1. Filter results with score >= 0.7, build a pre-fetched context string (excerpts formatted as markdown sections)
2. Inject search data into sandbox as variables:
   * `__query_results_{taskId}` = search results array
   * `__query_meta_{taskId}` = `{resultCount, topScore, hasPreFetched}`
   * Build prompt with pre-fetched context embedded directly
3. Execute with tight LLM overrides: `maxTokens=1024, temperature=0.3`
4. LLM answers from the embedded context. If insufficient, it can use `code_exec` with `silent: true` to read additional documents from the sandbox variables
5. Cache result and return

### Parameters

| Parameter                 | Value |
| ------------------------- | ----- |
| Max tokens                | 1024  |
| Temperature               | 0.3   |
| Max iterations            | 50    |
| Pre-fetch score threshold | 0.7   |
| Max pre-fetched docs      | 5     |

**Cost:** One LLM call with tight token and temperature constraints.
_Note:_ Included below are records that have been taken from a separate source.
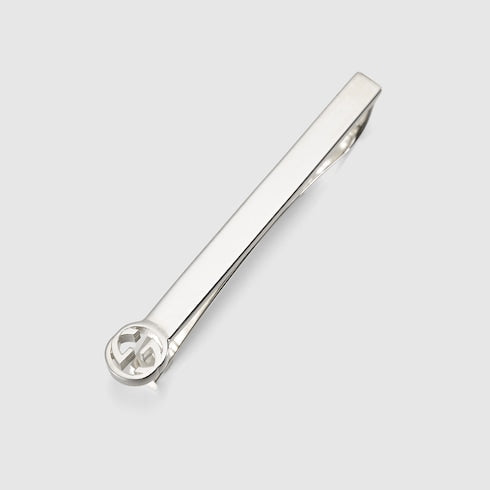 Tie bar with Interlocking G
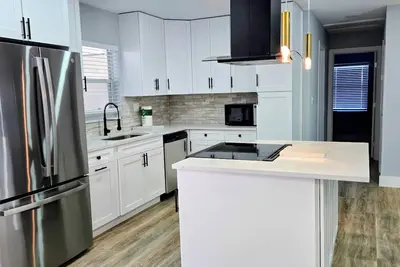 Image de Vacation Home with 3 Bedroom, 2 bathroom and 1 living room at Bayshore Gardens.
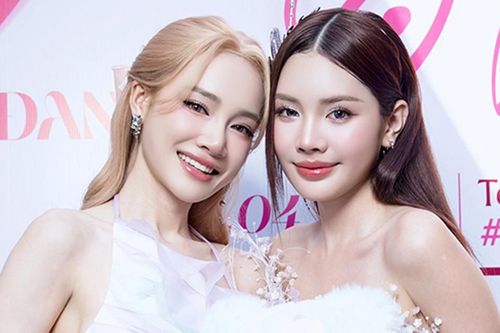 Nhã Phương xuất hiện sexy lạ lẫm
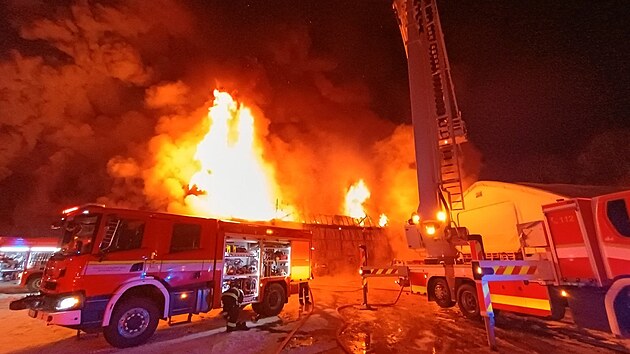 Po��r skladov� haly v Plan� u �esk�ch Bud�jovic. (12. ledna 2026)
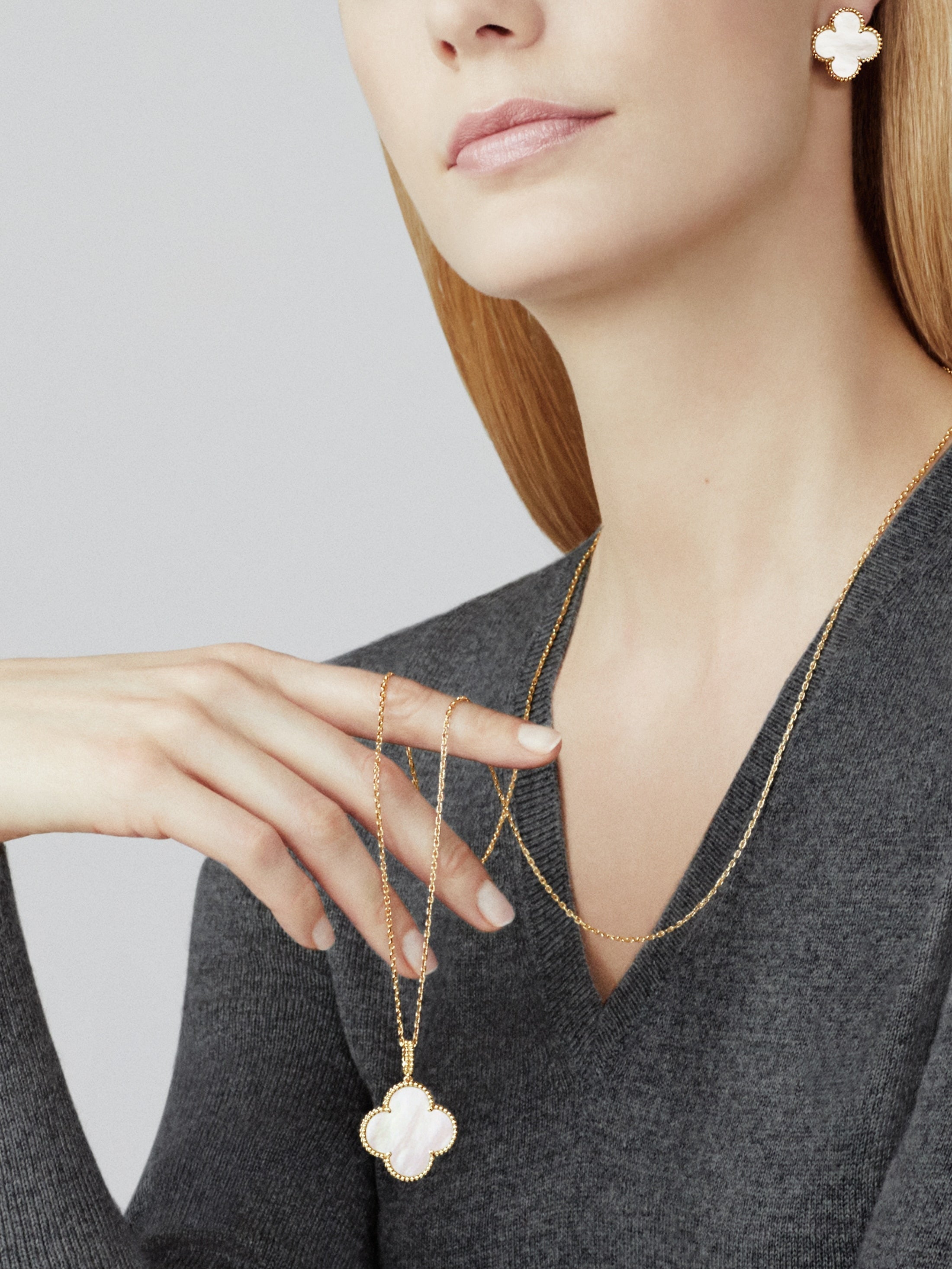 Roostick Magic Alhambra One Motif Pearl Necklace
## Tier 4: Full Agentic Loop (8-15s)

When no pre-fetched context is available (search returned nothing above the 0.7 threshold), the system falls back to the full agentic loop.

### Algorithm

1. Same sandbox variable injection as Tier 3
2. Build prompt WITHOUT pre-fetched context — LLM must discover answers via tool use
3. Execute with relaxed LLM overrides: `maxTokens=2048, temperature=0.5`
4. LLM reads search results via `code_exec`, may call `tools.readFile()` to load documents, may loop through multiple tool calls
5. Protected by doom-loop detection (max iterations limit)
6. Cache result and return

### Parameters

| Parameter      | Value |
| -------------- | ----- |
| Max tokens     | 2048  |
| Temperature    | 0.5   |
| Max iterations | 50    |

**Cost:** Multiple LLM calls with tool use. Full agentic loop with loop detection.

## Knowledge Scoring

Search results that feed into Tiers 2–4 are ranked by a compound scoring algorithm:

```
compoundScore = (0.6 x BM25 + 0.2 x importance/100 + 0.2 x recency) x tier_boost
```

All three signals are active — relevance, accumulated importance, and freshness together determine result ranking:

| Signal         | Weight | Source                                                                    |
| -------------- | ------ | ------------------------------------------------------------------------- |
| BM25 relevance | 60%    | MiniSearch full-text search, normalized via `score / (1 + score)`         |
| Importance     | 20%    | Access hits (+3/search) + curate updates (+5/update), decays `0.995^days` |
| Recency        | 20%    | Exponential decay: `e^(-days/30)`                                         |

### Tier Boost Multipliers

Maturity tiers amplify or penalize the compound score:

| Maturity  | Boost |
| --------- | ----- |
| core      | x1.15 |
| validated | x1.00 |
| draft     | x0.85 |

### Maturity Lifecycle (Hysteresis)

```
draft --(importance >= 65)--> validated --(importance >= 85)--> core
draft <--(importance < 35)-- validated <--(importance < 60)-- core
```

The hysteresis gap (e.g., promote at 65, demote at 35) prevents rapid oscillation between tiers.

### Decay Functions

* **Importance decay:** `importance x 0.995^days` (\~78% remaining after 50 days of non-use)
* **Recency decay:** `e^(-days/30)` (half-life of \~21 days)

## Complete Query Flow

```
User Query
    |
    |--- Fire parallel searches (local)
    |
    v
[Tier 0] Exact Cache Lookup
    |--- HIT --> Return (0ms)
    |
   MISS
    v
[Tier 1] Fuzzy Cache (Jaccard >= 0.6)
    |--- HIT --> Return (~50ms)
    |
   MISS
    v
[OOD] All searches returned 0 results?
    |--- YES --> "Not covered" response (0ms, cached)
    |
    NO
    v
[Entity Search] Initial results < 3?
    |--- YES --> Run supplementary entity searches (parallel)
    |
    v
[Tier 2] Direct Response (score >= 0.85 + dominant)
    |--- PASS --> Return formatted markdown (100-200ms)
    |
   NOT DOMINANT
    v
[Tier 3] Single LLM + Pre-fetched Context (score >= 0.7 exists)
    |--- PASS --> Return LLM response (<5s)
    |
   NO CONTEXT
    v
[Tier 4] Full Agentic Loop
    |--- Return LLM response (8-15s)
```

All tier results are cached, so subsequent similar queries resolve at Tier 0 or 1.